In the City of Passaic v. Paterson Bill Posting Co., 62 Atl. 267, 268, the court attributes the adoption of an ordinance to aesthetic considerations rather than to an exclusive regard for the public safety, and in holding it invalid, says: “No case has been cited, nor are we aware of any case which holds that-a man may be deprived of his property because his tastes are not those of his neighbors. Aesthetic considerations are a matter of luxury and indulgence rather than necessity, and it is necessity alone which justifies the exercise of the police power to take private property without compensation. ’ ’

The cut of the dress, the color of the garment worn, the style of the hat, the architecture of the building or its color, may be distasteful to the refined senses of some, yet government can neither control nor regulate in such affairs. The doctrines of the Commune invest such authority in the state, but ours is a constitutional government based upon the individuality and intelligence of the citizen, and does not seek, nor has it the power, to control him, except in those matters where the rights of others are injuriously affected or imperiled. ‘ ‘ The toleration of such power on the part of the government would be conceding to it the right of controlling every man, and directing what road he shall travel in the ‘pursuit of happiness.’ Thus the freedom of the citizen would be lost in the despotic will of the government, and, under the semblance of liberty, we should have the essence of tyranny.”
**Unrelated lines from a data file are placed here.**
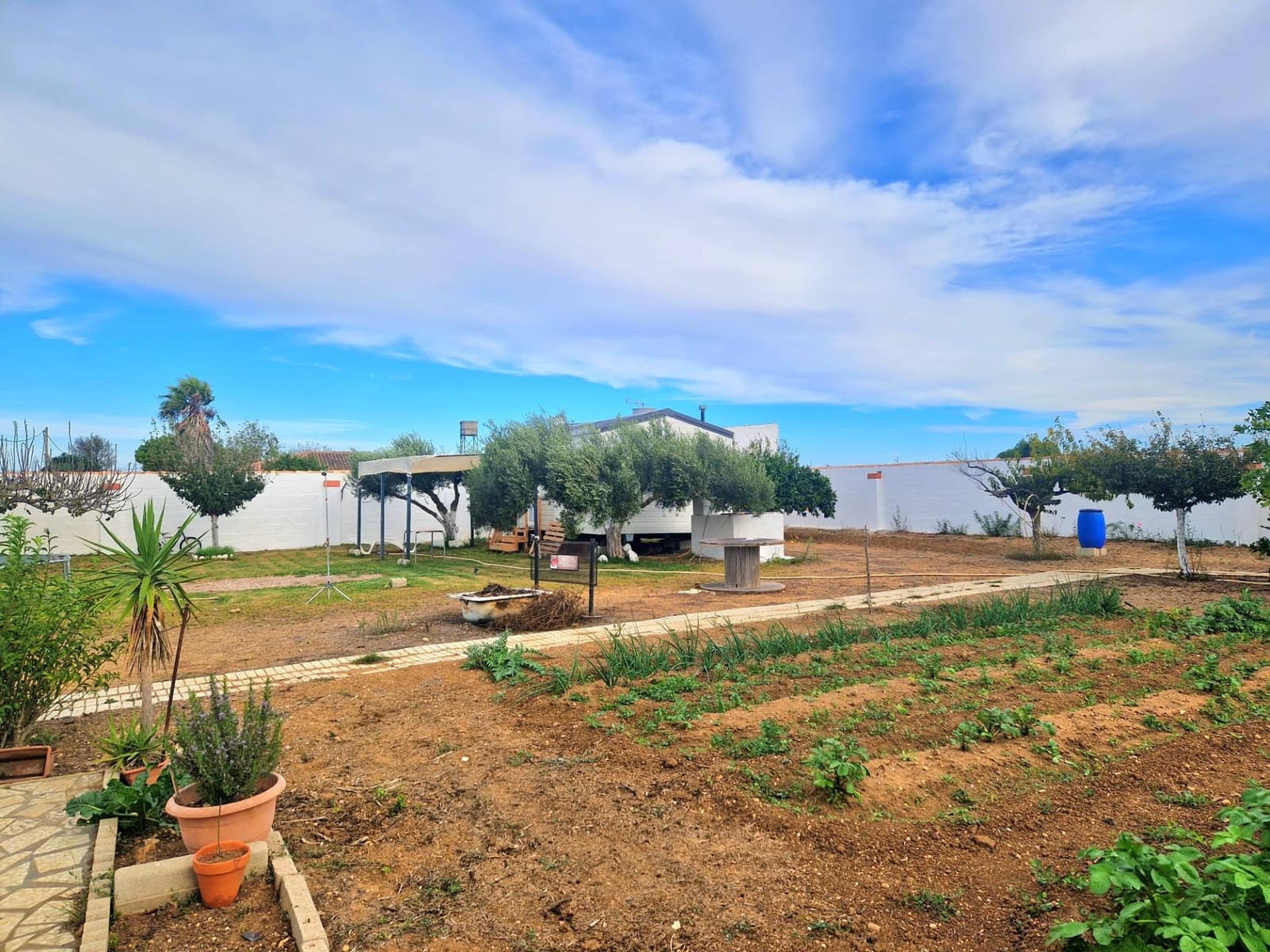 2 slaapkamer Finca/Landhuis te koop in Chiclana de la Frontera - € 115.000 (Ref: 9622672)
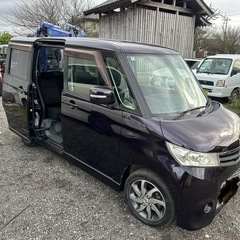 日産ルークス紫の画像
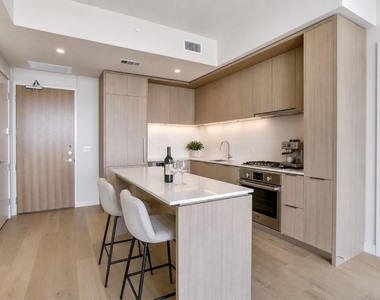 44 East Ave - Photo Thumbnail 1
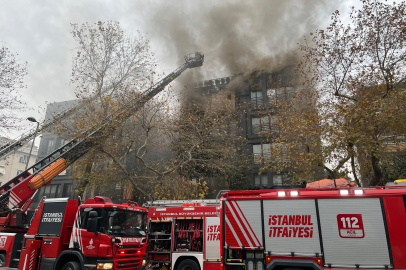 Kadıköy’deki yangın 2 binayı küle döndürdü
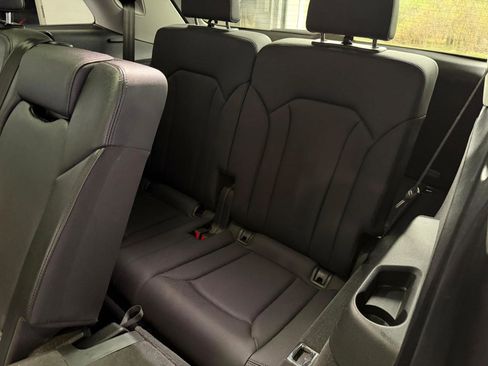 Used 2023 Audi Q7 3.0T Premium Plus image 21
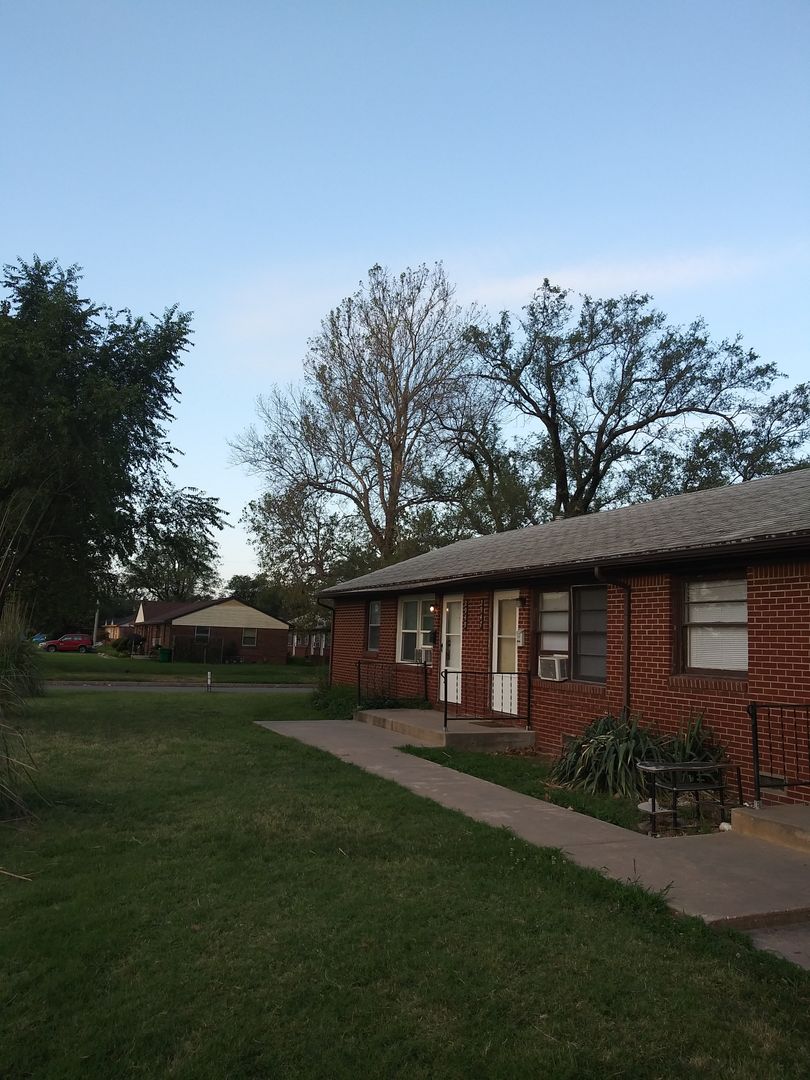Wichita Apartment: 2945-2949 S Hydraulic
Bearing in mind these well established principles and directing our attention to the ordinance in *228question, it is clearly evident that it is so unreasonable as to be invalid.

Under its provisions any part or portion of a bill board, or other structure designed to be used for advertising purposes shall not “be within ten feet of any building or structure,” or street or alley line. Wherein is the reasonableness or necessity for such restrictions to protect the public health, the public morals, or the public safety? The restrictions are not limited to structures made of wood or combustible material. Moreover, it will be observed that structures of whatsoever material, strength, height, or length, erected on the street line, do- not come within the prohibition of the ordinance, if they be not designed or used for advertising purposes. The restrictions imposed are not against the material, the height, the length, nor the location of the structure, but solely as means of advertisement. It prohibits such structures without regard to their being safe or sanitary. Though they be perfectly safe, thoroughly sanitary, not made of inflammable material, nor a menace to the public, nor to individuals, they are nevertheless, under this ordinance, prohibited, and for the sole reason that they are structures designed to be used for advertising purposes. In what way can the erection of safe structures, of proper material, within certain limits, for advertising purposes, endanger the public health or safety any more than like structures erected and used for other lawful purposes'? If the owner has the right to erect upon the lot line buildings or other structures of proper material, in a substantial manner, as he undoubtedly has, it- is certainly an unwarranted invasion of his rights to prohibit the erection or use of such structures for proper advertising purposes.

Counsel, however, argue that the city has the right to make such rules and regulations as it shall *229deem necessary for the protection of the public, and that the reasonableness of such enactments will not be questioned by the courts unless they are prohibitive.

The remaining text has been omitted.